Published in final edited form as: Dev Biol. 2016 Jul 26;426(2):360–373. doi: 10.1016/j.ydbio.2016.06.003

Figure 3. Independent biological validation of RNA-Seq.

Figure 3

The up- and down-regulation of select factors in response to optic nerve injury described in the TRAP RNA-Seq analysis was independently verified by in situ hybridization, RT-qPCR and immunofluorescence. (A) In situ hybridization demonstrates that uchl1 transcript is up-regulated unilaterally in RGCs by 11 days post-injury (Day 11x).

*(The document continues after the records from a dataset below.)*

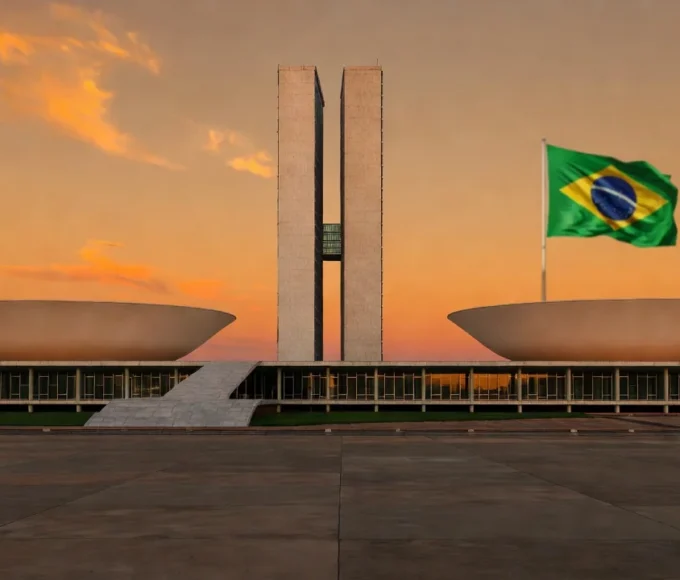 Bandeiras do PT e do Brasil em frente ao Palácio do Buriti em Brasília
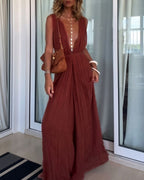 Vyla™ Vacation Style V-neck Lace-up Jumpsuit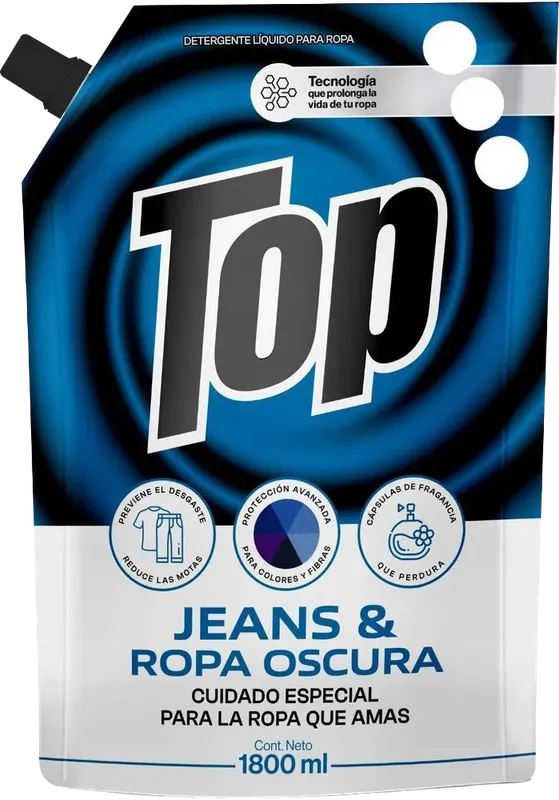 DETERGENTE LIQUIDO TOP JEANS Y ROPA OSCURA 1800ML CUIDADO ESPECIAL DETERGENTE LIQUIDO TOP JEANS Y ROPA OSCURA 1800ML CUIDADO ESPECIAL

Autofluorescence of photoreceptor cells (PR) shows no injury-dependent variability. (B) Semi-quantitative analysis of fluorescence intensity from uchl1 in situ, as shown in panel A, shows a significant up-regulation of uchl1 mRNA in the crushed eye relative to control eye in the RGC layer by day 11 (p < 0.01). Results were averaged for three retinal sections from each of three different individuals and data represent arbitrary fluorescence units (au). (C) Gene expression levels assayed using RT-qPCR for uchl1 and snca (bars) are highly correlated with changes in fold gene expression quantified by RNA-Seq (line graph). (D) As predicted by RNA-Seq, protein levels for sncg decrease over the experimental time course in injured RGCs, as seen by immunofluorescence. (E) Semi-quantitative analysis of fluorescence intensity in the RGC layer immunostained for sncg protein, as in panel D, shows strong down-regulation of sncg in crush relative to control eyes by day 11. This boxplot shows averaged results for two retinal sections from each of four different individuals and values represent arbitrary fluorescence units (au). In A and D, location of the RGCs observed in the ganglion cell layer (GCL) and highlighted by brackets, photoreceptor cell (PR) outer (ONL) and inner (INL) nuclear and inner plexiform (IPL) layers was visualized using DAPI. The scale bar is 50 μm.